3 Crucial Ways AI Can Assist Battery Development

Artificial intelligence has been changing how the world works for many years now. From algorithms that optimize production, to voice activated virtual assistants on a smartphone or smart speaker, AI is able to optimize and automate processes to make them more efficient and productive. How can AI improve battery research and development? Here are three ways AI is set to revolutionize how batteries are tested and developed.

AI can speed up testing by 98%

Batteries are traditionally tested through repeated charge/discharge cycles. This allows researchers to see how battery performance deteriorates over time. However, it can take months for sufficient data to be collected for accurate predictions. This adds a lot of extra time to the testing process.

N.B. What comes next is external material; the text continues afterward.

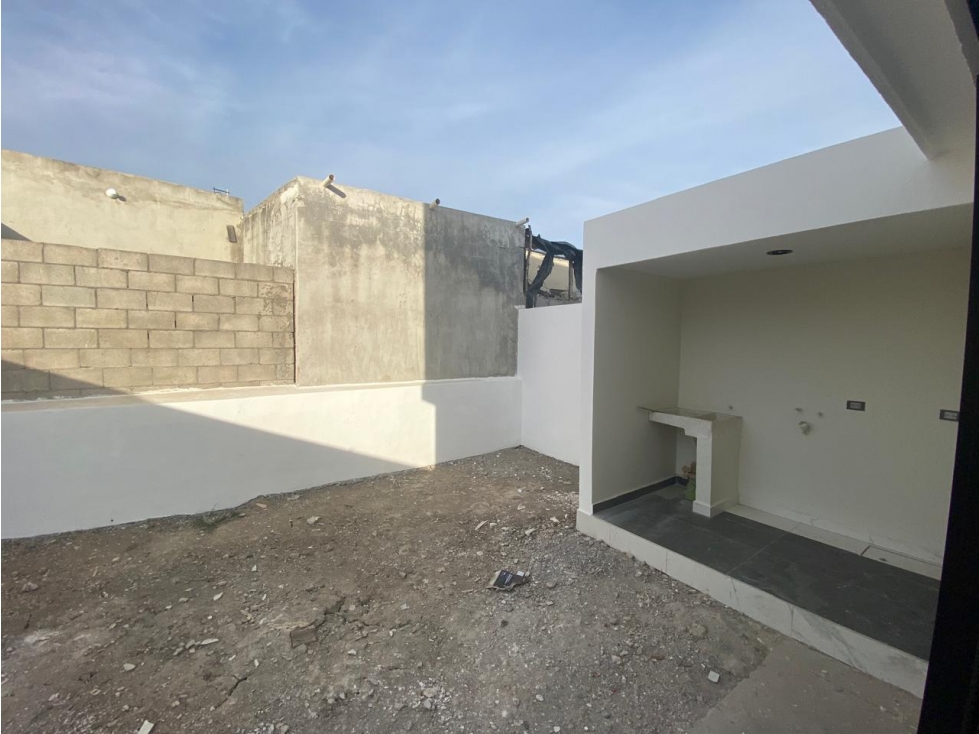 Casa en venta Patio Amplio + Recámara en Planta Baja — foto 3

With AI, this process can speed up significantly. A joint research project between Stanford, MIT, and the Toyota Research Institute used AI to predict the life cycle of a battery. Using a few hundred million data points, researchers trained their AI to predict how many more cycles each battery would last. The AI was able to predict, within 9%, the number of cycles the cell eventually lasted. The machine could accomplish this just based on voltage declines and other factors in the first 100 charging cycles. Based on just the first five cycles, it was also able to predict whether the cell had a long or short battery life, with 95% accuracy. The AI was able to pick up patterns in the battery’s performance, much better than a human can manually.

The same team used this technology to find an optimized fast charging protocol. In this experiment, the researchers were able to find the best charging protocol for a battery chemistry, reducing a process that could usually take up to two years, to only 16 days. The AI was trained on data of battery failures, and, learning from this, was able to quickly determine the best protocols to test. Since there are many different ways to charge the same battery, the AI was able to predict how battery chemistry would react to a certain charging method, eliminate the ones most likely to fail, and test the ones most likely to succeed. With this, the AI offered researchers a simple protocol that they themselves would not have predicted. Not only does AI reduce the time it takes to get valuable results, it is able to think and solve problems in ways that people may not think of themselves, truly providing optimal solutions.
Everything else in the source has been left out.